We’re eating dinner with Aunt Angelina and Finny nearly every night now. Afterward, my mother stays late over there and doesn’t come home until I’ve gone to bed. I hate being in the house by myself, so sometimes I bring my homework over and work at their kitchen table. Finny joins me and we do our homework together like we used to, except we don’t talk as much. Every evening, Sylvie calls him and he takes his phone into the other room for half an hour, then comes back and shoves it in his pocket before sitting back down. I heard at school that she isn’t going to college in the fall. She’s going to go to Europe for the summer, then take a year off to find herself or something like that. I want to ask Finny if they are planning on staying together, but I can’t.

I’m supposed to spend one evening a week with my dad, but it doesn’t always work out. When it does, he takes me out to restaurants in the city and asks me about school and Jamie. He’s always liked Jamie. His apartment overlooks the river and the Arch. It has a second bedroom that he says I can use anytime I want. I’m not sure what I would use it for.

A few green shoots begin to appear in the beginning of April. It’s still cold out, but things are getting a little better.

But only a little.

“Are you going to vote for Finn?” Sasha asks.
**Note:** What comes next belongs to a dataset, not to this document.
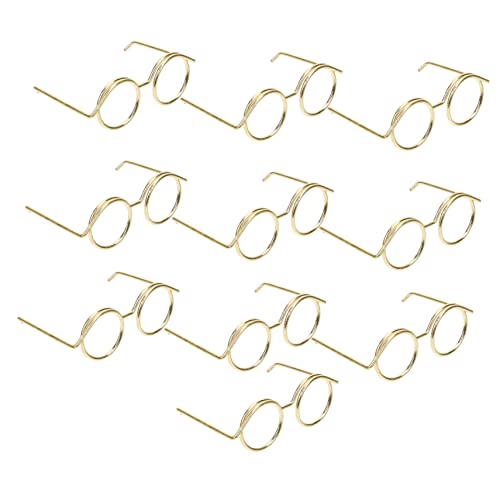 Gatuida 10 Stück Metallbrille runde Drahtgläser Puppe trendy für Rand kindertagsgeschenke doll Accessories Miniaturbrille metallrahmen schnapsgläser Miniatur-Dinge Golden von Gatuida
“For what?” I say. We’re at Goodwill, looking through a rack of old wedding dresses. It’s Sasha’s idea for her prom dress. Mom is making me buy a dress from a department store; she says that, right now, she needs something like buying me a real prom dress. I didn’t put up as much of a fight as I might have in the past. Brooke bought a dress from a department store too. She says that there are a lot of sequined nightmares at the mall, but it won’t be as hard as I think to find something cool.
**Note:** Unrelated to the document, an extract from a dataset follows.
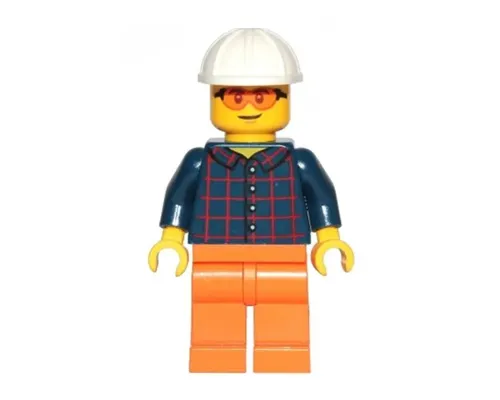 Construction Worker - Male, Dark Blue Plaid Button Shirt, Orange Legs, White Construction Helmet, Safety Glasses Image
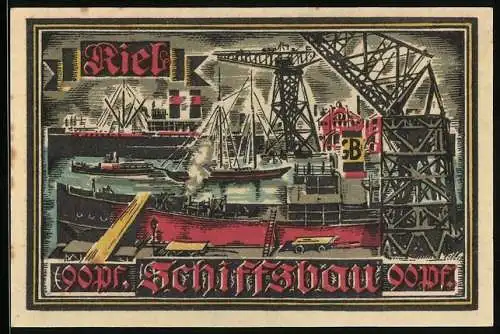 Notgeld Kiel 1921, 90 Pfennig, Herbstwoche für Kunst und Wissenschaft, Schiffsbau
Angie is making her dress out of blue crepe. It’s hard for her to find clothes now. Her mother-in-law buys her maternity shirts that look like something Sylvie would wear if she ever got fat. Mostly Angie wears giant T-shirts from bands that broke up in the nineties.
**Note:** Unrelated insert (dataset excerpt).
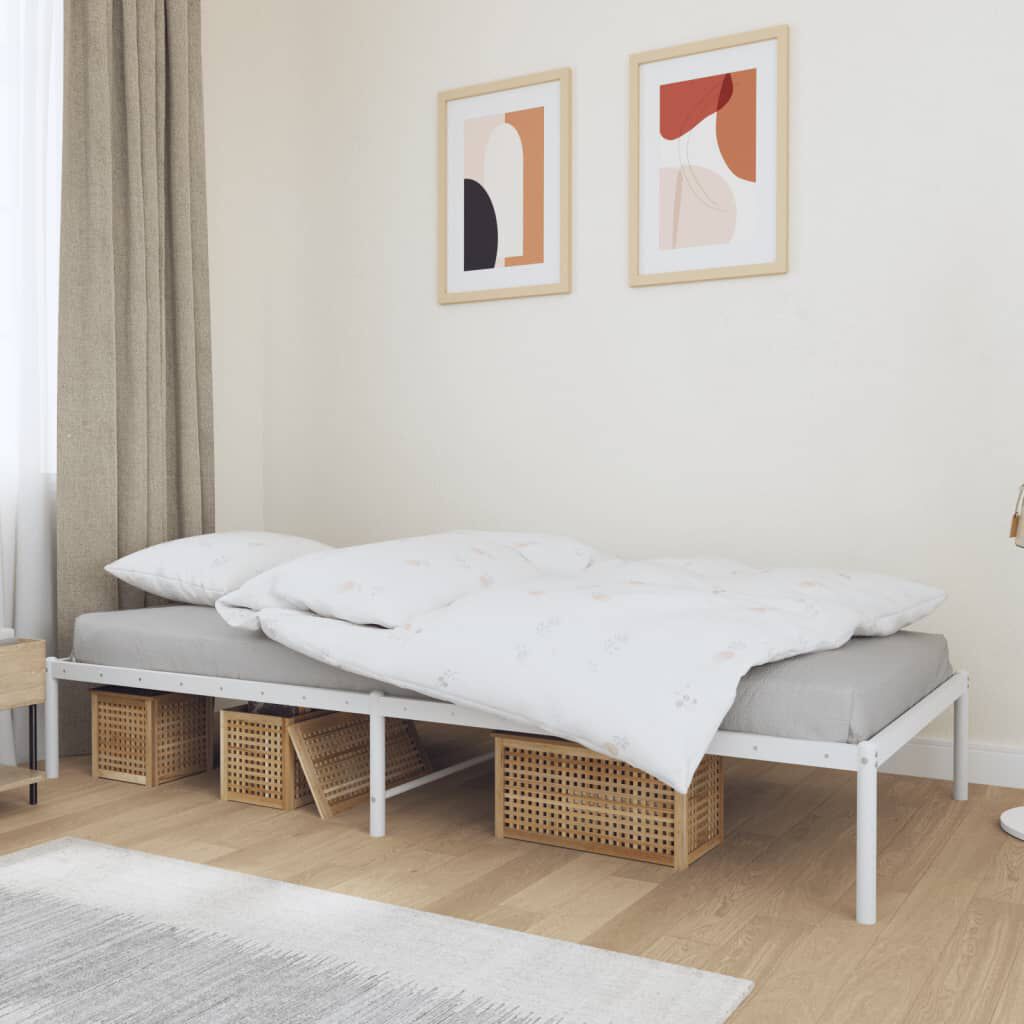 vidaXL Metal Bed Frame without Mattress White 100x190cm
Angie holds up a mock Victorian dress with a high collar for me to see.

“If you want to tell Alex to keep his hands to himself, that will do it,” I say. I go back to searching the rack.

“Well, since I’m about to be the last virgin of our friends, I might as well look the part,” she says. I look up again. Sasha has the dress flung over one arm.

“Jamie told you about that?” I say.

She nods. “Yeah, why didn’t you?”

I shrug. “I dunno,” I say, and I honestly don’t. “It doesn’t seem real, I guess.”

“Well, you’ve got two months and one week until it will be all the way real.”

“Yeah, I guess so,” I say. I finger the yellowed lace on the nearest dress. “What were you saying about Finny?”

“Oh, are you going to vote for him for Prom King?” I feel my face scrunch into a grimace.

“He’s going to run for Prom King?” I say.

“He and Sylvie together. I thought you would know.” I’m not surprised that I didn’t know though. When Finny and I do talk, he never mentions Sylvie. Ever since Christmas, he usually only asks how I’m doing and I say fine and then we watch TV or go finish our homework. Sometimes we talk about school or the weather.

“I guess that was Sylvie’s idea,” I say. “No wait, I know it was. He hates being the center of attention.”

“But he’s so popular,” Sasha says. I shrug.

“That’s not his fault,” I say. “He’s likable.”